The term oppression in such instances, refers to the subordination of a given group or social category by unjust use of force or authority in order to achieve the effects of oppression. This rule, a part of British law, feeds into this as it stampedes workers’ rights to freedom of religion, belief and thought in public spaces. It allows a system of oppression as those that will be most affected will be minorities; this ruling proves to affect mainly Muslim women wearing head scarves proving to be directly discriminative, despite claiming otherwise. In the ruling of Eweida and Chaplin V, the United Kingdom (2013), two Christian women who wished to wear crosses at work but were told could not it had been ruled that there had been a violation of article 9. Whereas when it was a Muslim woman who had taken to court after being told they may not wear headscarves to work, it had been ruled that companies may ask all employees to dress neutrally, in other words it was within their rights to ban them from wearing headscarves. This shows that precedent, which requires similar cases to be treated alike, wasn’t followed, leading to the possibility that the ruling is directed at Muslim women wearing headscarves.

The Equality Act of 2010 legally protects people from discrimination in the workplace and in wider society, while replacing previous anti-discrimination laws with a single Act, making the law easier to understand and strengthening protection in some situations, by accepting guidance from the European court of justice. By telling employees they may not wear religious symbols, this right has been infringed upon.

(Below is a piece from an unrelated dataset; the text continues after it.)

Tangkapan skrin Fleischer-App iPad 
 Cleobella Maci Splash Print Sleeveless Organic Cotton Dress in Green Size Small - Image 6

This is only one of countless examples of how the law not only allows, but contributes to the continuation of oppressing minorities. It’s easy to overlook how our system may act as an instrument of oppression, but it’s the police and law themselves that are oppressive. Such an internal rule of a private undertaking will undoubtedly constitute indirect discrimination. 

So, what should be put in place of this rule? Rather than imposing this rule in Britain, we should look at Article 9 of the European Court of Human rights. This ruling says that everyone has the right to freedom of thought, conscience and religion; this right includes freedom to change religions or beliefs, either alone or in community. It allows for the manifestion of people’s religions or beliefs, in worship, teaching practice and observance. A like ruling should be accepted and adopted in the UK. This ruling would allow the freedom of religious practice – something which must be a right to all. 

Overall, this being a ruling accepted and adopted in the UK, is one that should be reformed as it is stopping Britain from progressing into a less discriminatory nation. As rightfully stated by The Conference of European Rabbis, which comprises of 700 Jewish leaders, Europe was sending a clear message that its religious communities were no longer welcome.